To do: A verbatim copy of every record is required, and no pictures should be included.

Short descriptive text snippets:
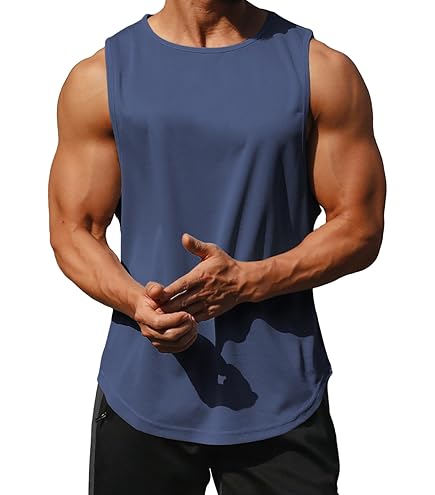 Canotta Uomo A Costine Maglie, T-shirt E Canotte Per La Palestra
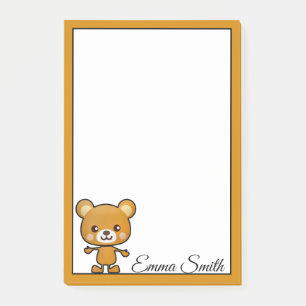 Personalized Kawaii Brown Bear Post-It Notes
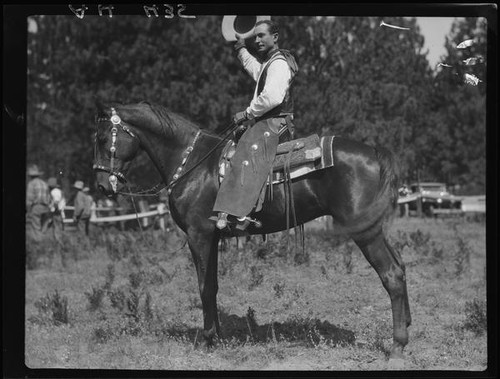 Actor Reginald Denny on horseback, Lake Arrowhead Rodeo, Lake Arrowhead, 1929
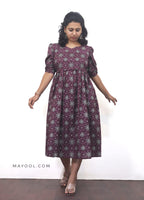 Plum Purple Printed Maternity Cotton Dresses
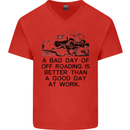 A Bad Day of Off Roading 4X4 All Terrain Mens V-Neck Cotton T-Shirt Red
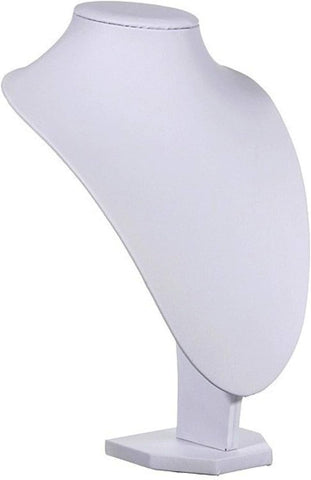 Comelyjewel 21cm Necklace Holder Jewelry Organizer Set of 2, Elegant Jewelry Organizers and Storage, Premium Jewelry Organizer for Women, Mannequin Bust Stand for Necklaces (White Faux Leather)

Your response:
 Canotta Uomo A Costine Maglie, T-shirt E Canotte Per La Palestra
 Personalized Kawaii Brown Bear Post-It Notes
 Actor Reginald Denny on horseback, Lake Arrowhead Rodeo, Lake Arrowhead, 1929
 Plum Purple Printed Maternity Cotton Dresses
 A Bad Day of Off Roading 4X4 All Terrain Mens V-Neck Cotton T-Shirt Red
 Comelyjewel 21cm Necklace Holder Jewelry Organizer Set of 2, Elegant Jewelry Organizers and Storage, Premium Jewelry Organizer for Women, Mannequin Bust Stand for Necklaces (White Faux Leather)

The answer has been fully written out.